(Crawled caption data)
● ● ● ●
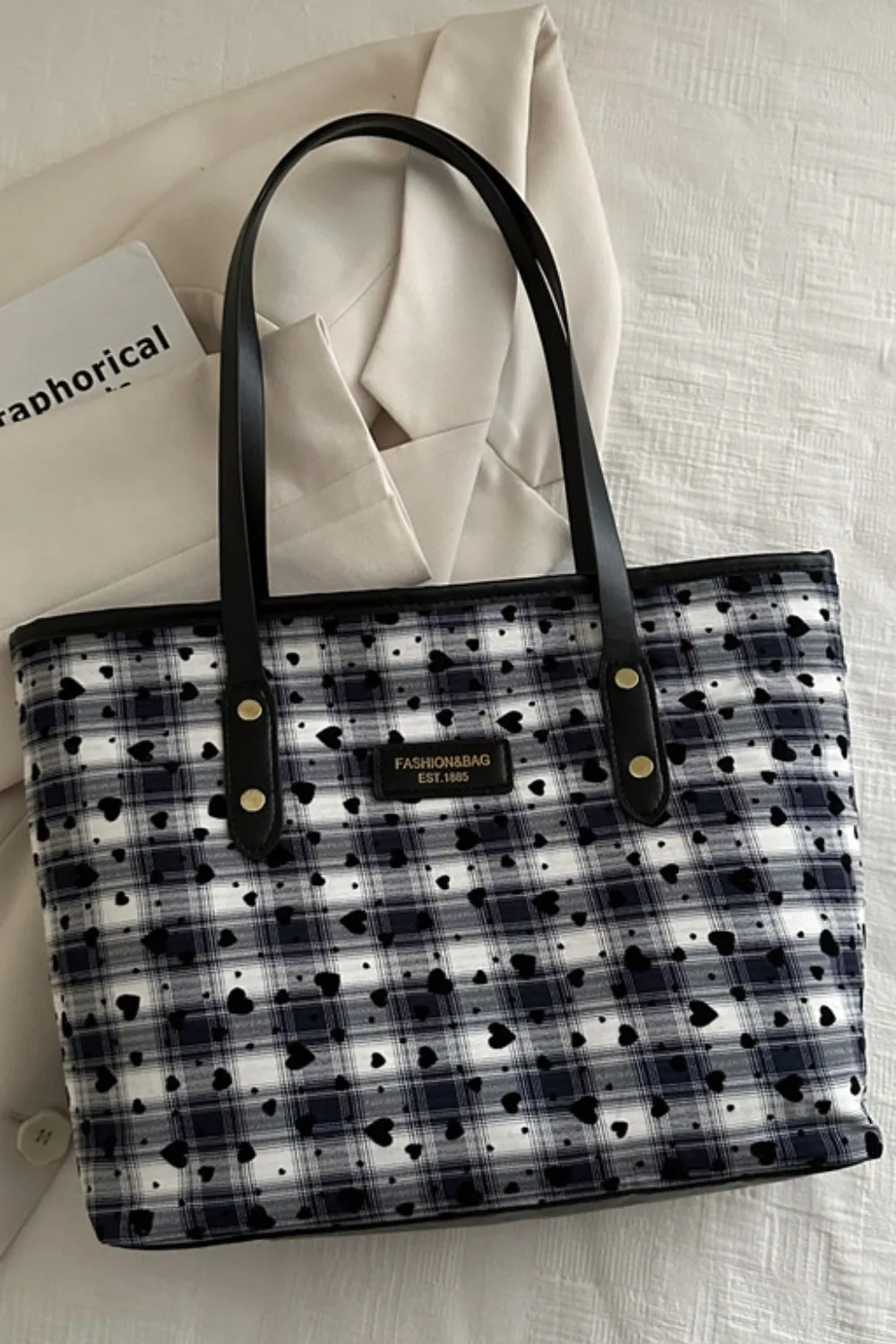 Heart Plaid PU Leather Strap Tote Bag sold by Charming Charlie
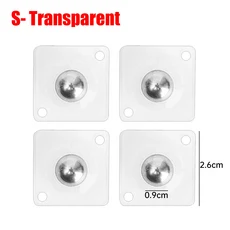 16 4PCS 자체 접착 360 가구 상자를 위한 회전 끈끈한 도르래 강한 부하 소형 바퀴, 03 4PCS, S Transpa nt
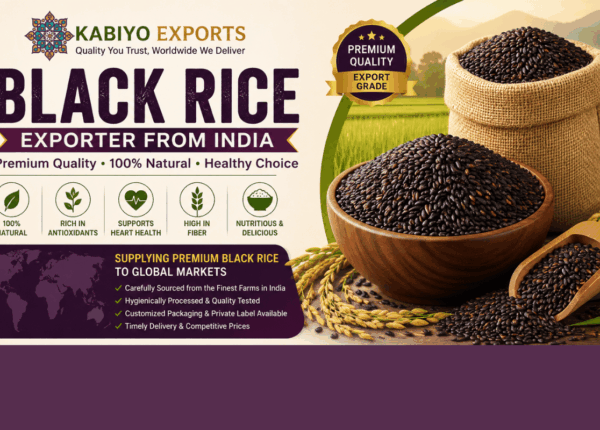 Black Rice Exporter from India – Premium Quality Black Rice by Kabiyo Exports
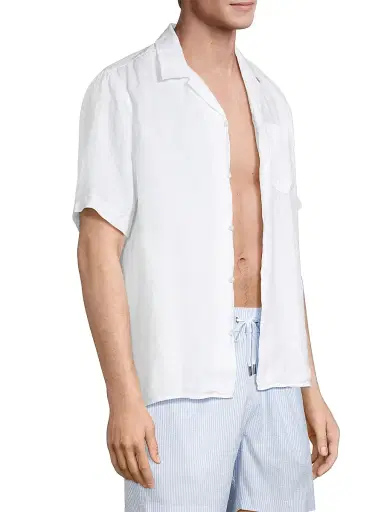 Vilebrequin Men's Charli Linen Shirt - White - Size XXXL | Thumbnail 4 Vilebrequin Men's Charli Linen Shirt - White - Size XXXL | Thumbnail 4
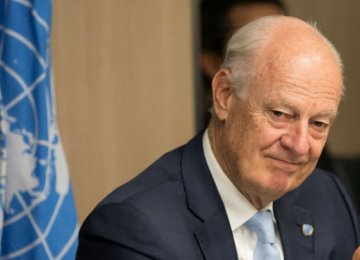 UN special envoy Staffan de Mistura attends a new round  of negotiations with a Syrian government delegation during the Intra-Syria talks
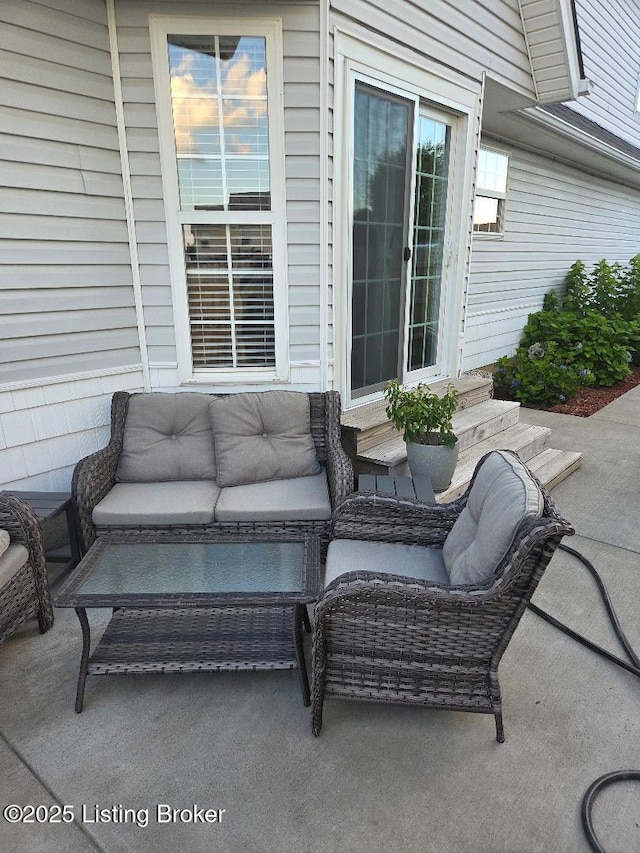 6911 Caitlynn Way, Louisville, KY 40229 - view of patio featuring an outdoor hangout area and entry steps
● ● ● ●
Exercise description:
Please reproduce, word for word, every line from the first line of the records above through the line containing "UN special envoy", and leave out the pictures.

Result:
 Heart Plaid PU Leather Strap Tote Bag sold by Charming Charlie
 16 4PCS 자체 접착 360 가구 상자를 위한 회전 끈끈한 도르래 강한 부하 소형 바퀴, 03 4PCS, S Transpa nt
 Black Rice Exporter from India – Premium Quality Black Rice by Kabiyo Exports
 Vilebrequin Men's Charli Linen Shirt - White - Size XXXL | Thumbnail 4 Vilebrequin Men's Charli Linen Shirt - White - Size XXXL | Thumbnail 4
 UN special envoy Staffan de Mistura attends a new round  of negotiations with a Syrian government delegation during the Intra-Syria talks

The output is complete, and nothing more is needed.